[Caption-style text data]
• • • • •

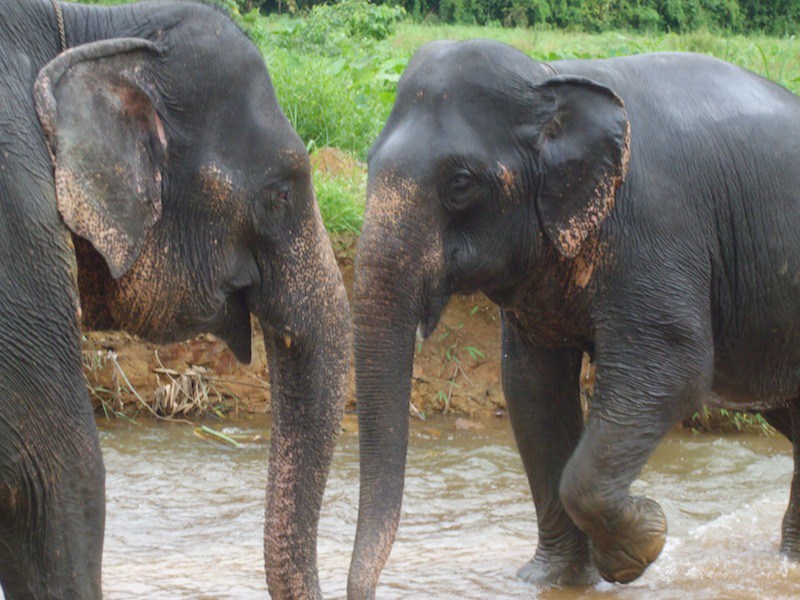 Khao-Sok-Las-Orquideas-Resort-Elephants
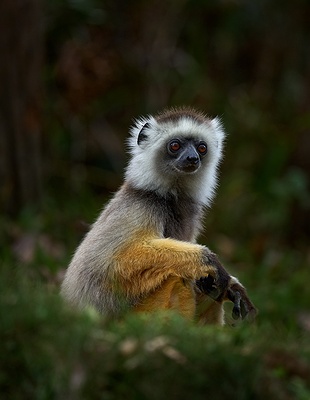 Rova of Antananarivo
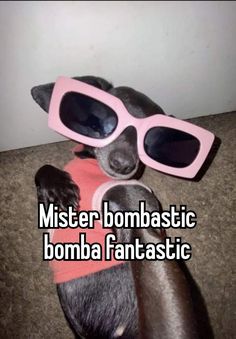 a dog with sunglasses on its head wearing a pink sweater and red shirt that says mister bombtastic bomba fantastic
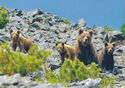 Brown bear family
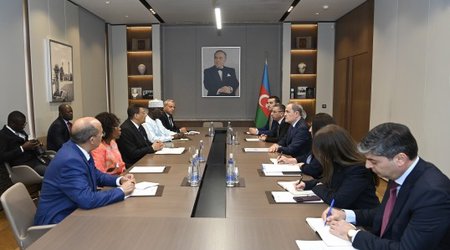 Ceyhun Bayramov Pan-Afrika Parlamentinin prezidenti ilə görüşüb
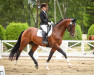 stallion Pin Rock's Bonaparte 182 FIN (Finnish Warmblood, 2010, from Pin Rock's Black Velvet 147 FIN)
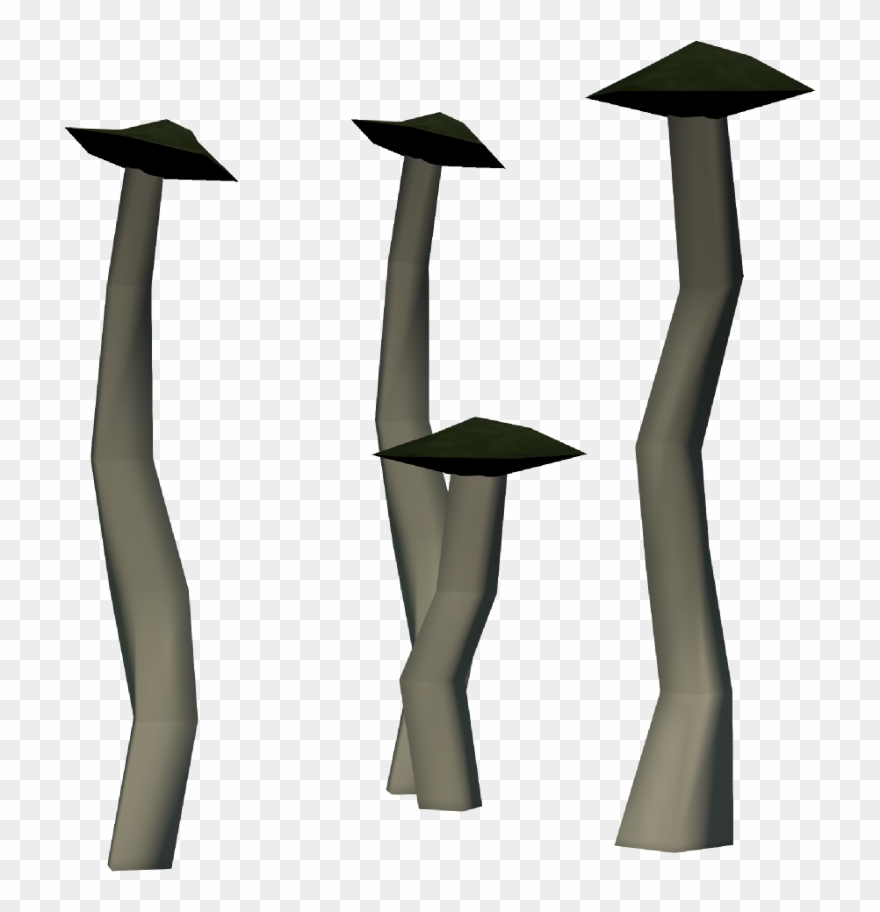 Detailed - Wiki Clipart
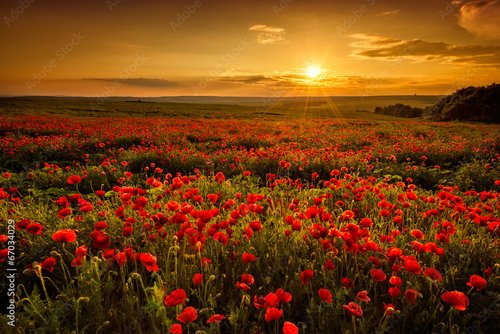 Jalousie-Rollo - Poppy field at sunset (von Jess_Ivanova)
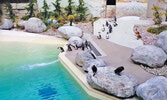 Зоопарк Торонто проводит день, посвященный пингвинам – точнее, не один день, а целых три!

• • • • •

Every line above should be reproduced exactly, please, with no pictures included.

> **ANSWER SECTION**:
 Khao-Sok-Las-Orquideas-Resort-Elephants
 Rova of Antananarivo
 a dog with sunglasses on its head wearing a pink sweater and red shirt that says mister bombtastic bomba fantastic
 Brown bear family
 Ceyhun Bayramov Pan-Afrika Parlamentinin prezidenti ilə görüşüb
 stallion Pin Rock's Bonaparte 182 FIN (Finnish Warmblood, 2010, from Pin Rock's Black Velvet 147 FIN)
 Detailed - Wiki Clipart
 Jalousie-Rollo - Poppy field at sunset (von Jess_Ivanova)
 Зоопарк Торонто проводит день, посвященный пингвинам – точнее, не один день, а целых три!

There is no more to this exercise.